13. Dux’s “nut punch” to Pumola wasn't a nut punch.
“That was actually a punch to the bladder, not the nuts. But everyone thinks it’s to the nuts because of the angle. But even if it was to the nuts, in the Kumite, anything goes. Sometimes we wore steel cups, so if you took that chance, you took that chance.”
14. The real Frank Dux is crazier than the one in the movie.
“Jean-Claude and I went at it for real one day on set, both of us real mad, and I told him to meet me on the roof of the Victoria Hotel, and I’ll show him who’s a champion. We met there, 60 stories up, and I stood on this section that was no wider than 18 inches. I told him we’d fight right there, then did a full-rotation kick and stared him down. You could see his heart fall into his chest and he said, ‘Frank, you’re crazy.’ After that, we went to dinner and he never raised his voice to me again. Not even when I took him to court.”

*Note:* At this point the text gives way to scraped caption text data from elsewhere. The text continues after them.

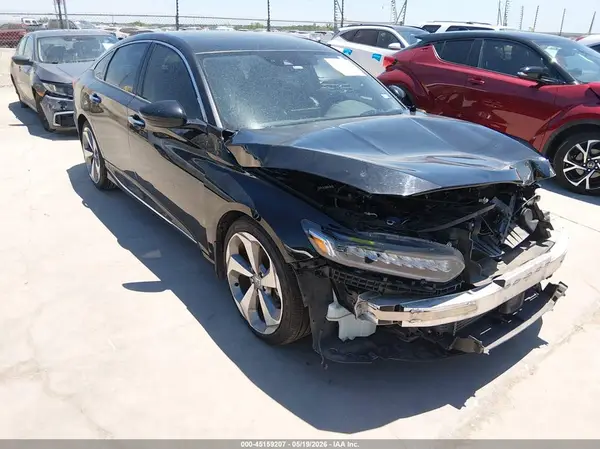 1HGCV1F92JA208369 2018 HONDA ACCORD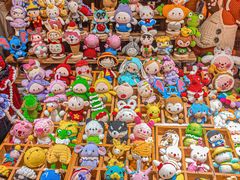 -新百广场(地铁站)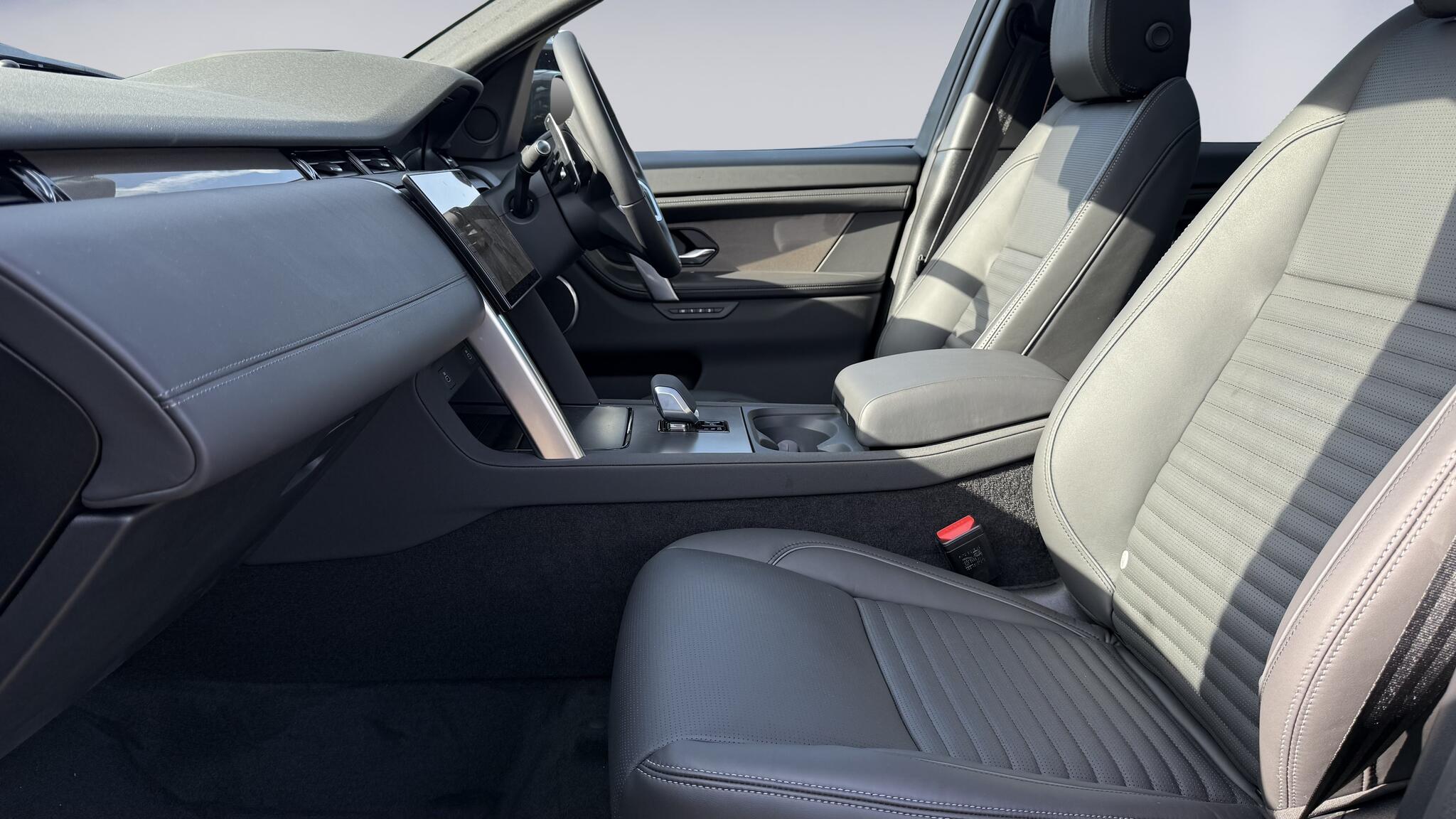 Land Rover Discovery Sport view 3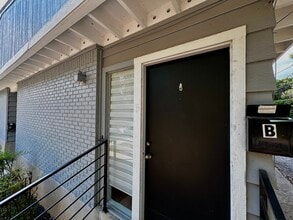 3304 Tom Green St, Unit #B in Austin, TX - Building Photo - Building Photo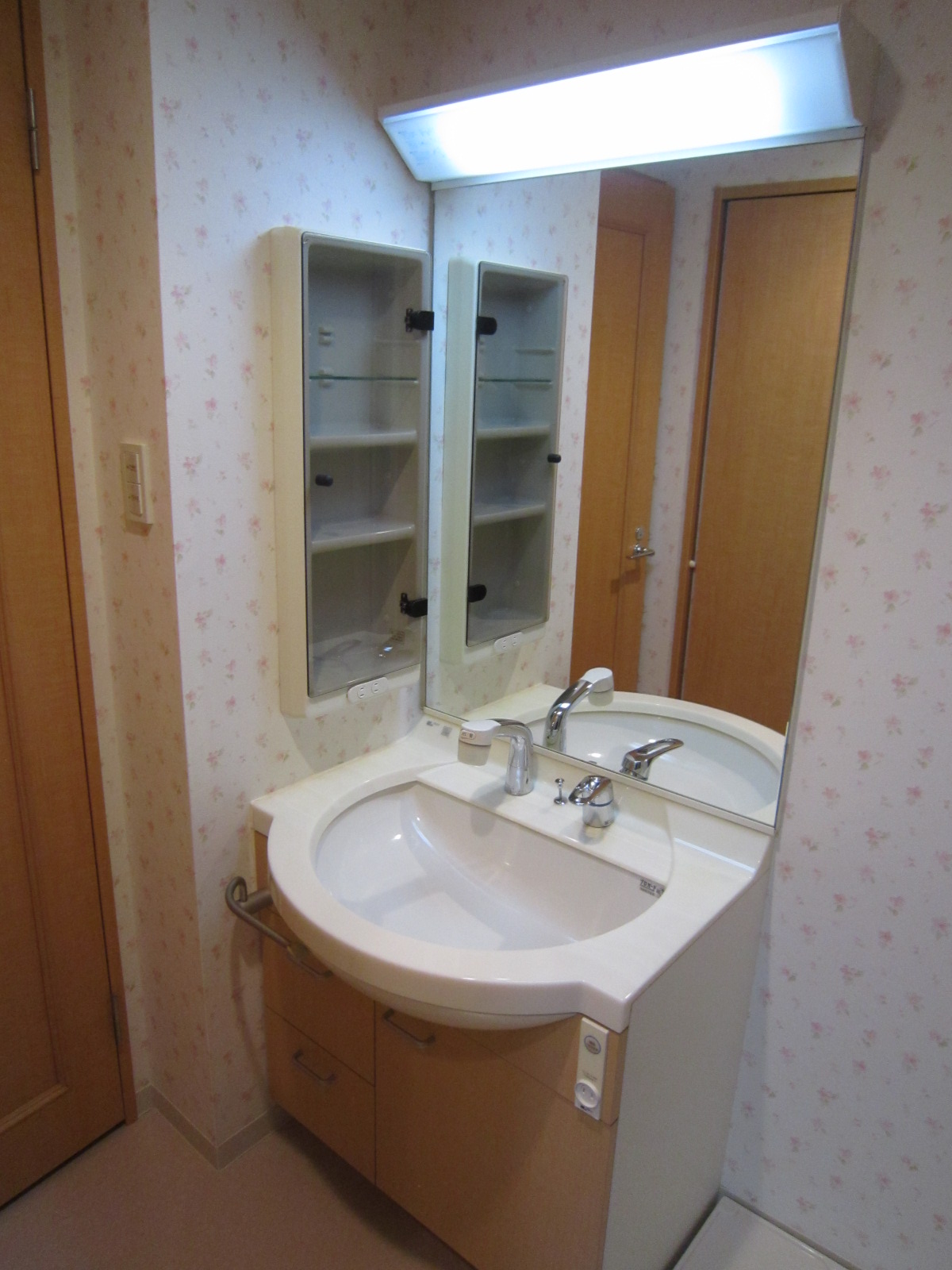 Washroom. Shampoo dresser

15. We all watch “Bloodsport” more than Frank does.
“For me, it’s just a memory now. I don’t watch it. I’m proud of it and proud that it’s inspired so many people. I think it’s a classic that people will still be watching 25 years from now. It’s the one film that made Jean-Claude a star and will keep him a star.”
*Hi, it’s me, Forest Whitaker!
I have an Academy Award for Best Actor and was also in this movie. I used a stun gun.